Efficient Storage Attribution
Databricks offers a significant advantage by seamlessly integrating with cost-effective cloud storage options such as ADLS Gen2 on Azure, S3 on AWS, or GCS on GCP. This becomes particularly beneficial when utilizing the Delta Lake format, as it not only facilitates data governance for a complex storage layer but also enhances performance when combined with Databricks.
One common mistake in storage optimization is the failure to implement lifecycle management effectively. While it is recommended to remove outdated objects from your cloud storage, it is crucial to synchronize this process with your Delta Vacuum cycle. If your storage lifecycle removes objects before they can be vacuumed by Delta, it may result in table disruptions.
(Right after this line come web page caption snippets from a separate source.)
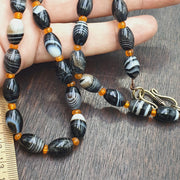 Banded Agate Necklace, Goat Eye Agate, Vintage Style 22"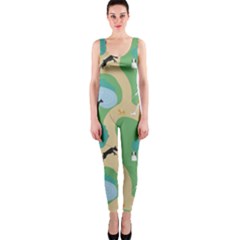 Girls With Dogs For A Walk In The Park One Piece Catsuit by SychEva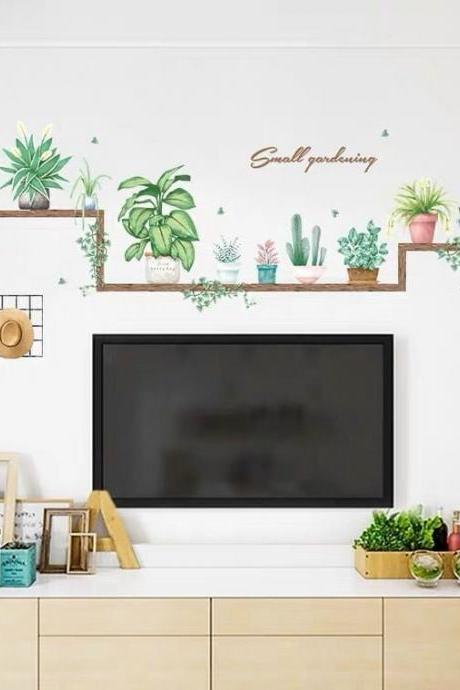 Monstera Green Leaf Home Decor,plant Wall Stickanging Twig Vines Botanical Sticker, Greenery Plants Wall Decals Reading Room Murals G696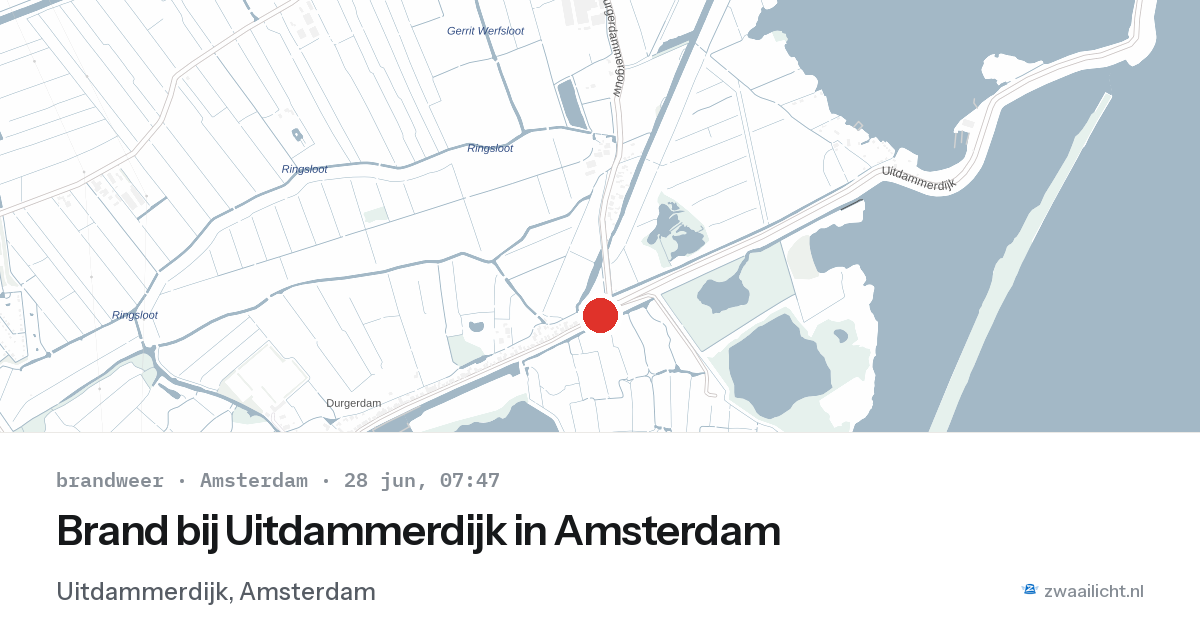 Brand bij Uitdammerdijk in Amsterdam — 28 jun 2026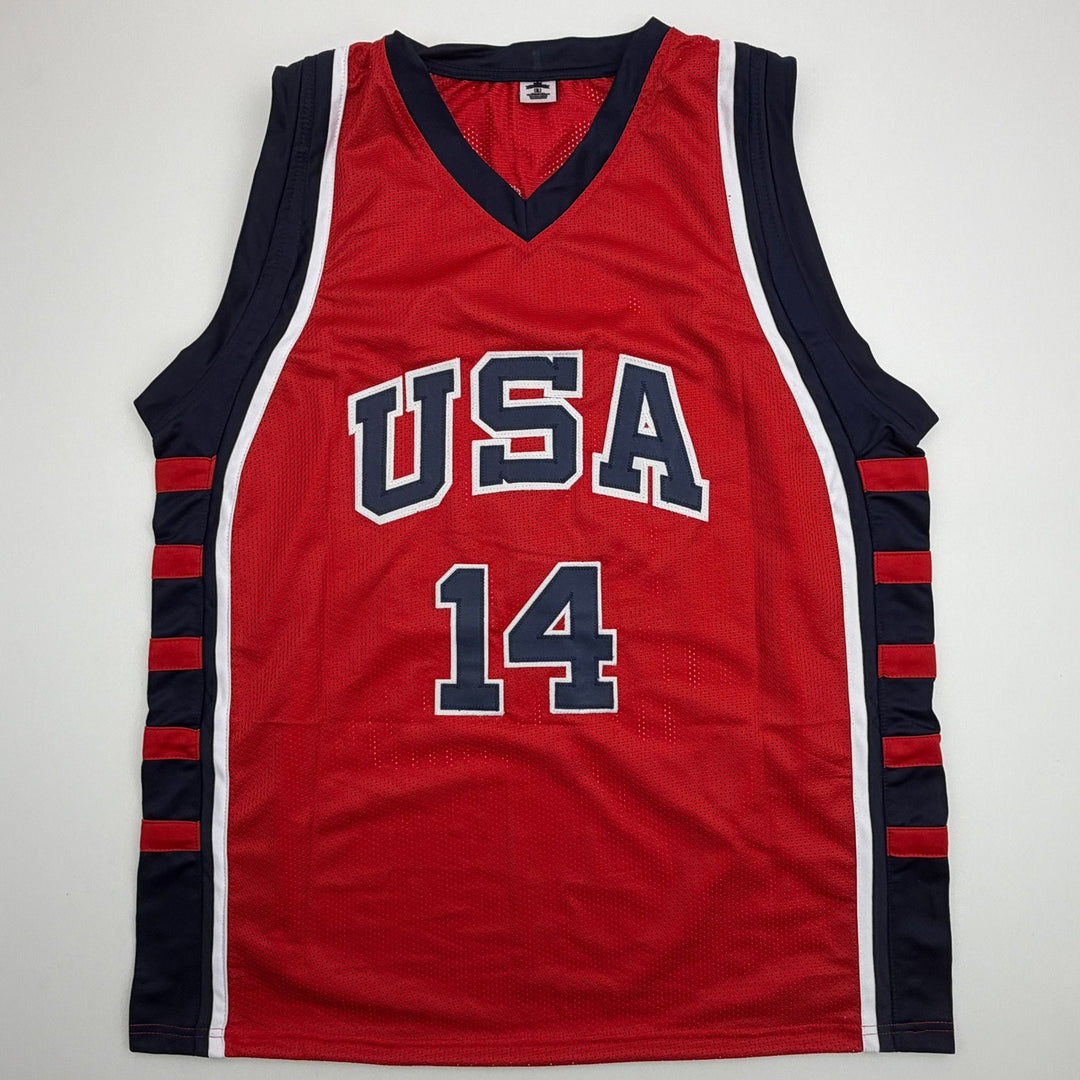 Autographed/Signed Lamar Odom United States USA Olympics Red Jersey JSA COA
Therefore, it is essential to thoroughly test any lifecycle policies on non-production data before implementing them extensively.
Networking Optimization
Data in Databricks can come from various sources, but the main way to save bandwidth is by writing to storage layers like S3 or ADLS. To reduce network costs, deploy Databricks workspaces in the same region as your data and consider regional workspaces if needed. For AWS customers using a VPC, you can decrease networking costs by using VPC Endpoints. These allow connectivity between the VPC and AWS services without an Internet Gateway or NAT Device. Gateway endpoints connect to S3 and DynamoDB, while interface endpoints lower costs for compute instances connecting to the Databricks control plane. These endpoints are available when using Secure Cluster Connectivity.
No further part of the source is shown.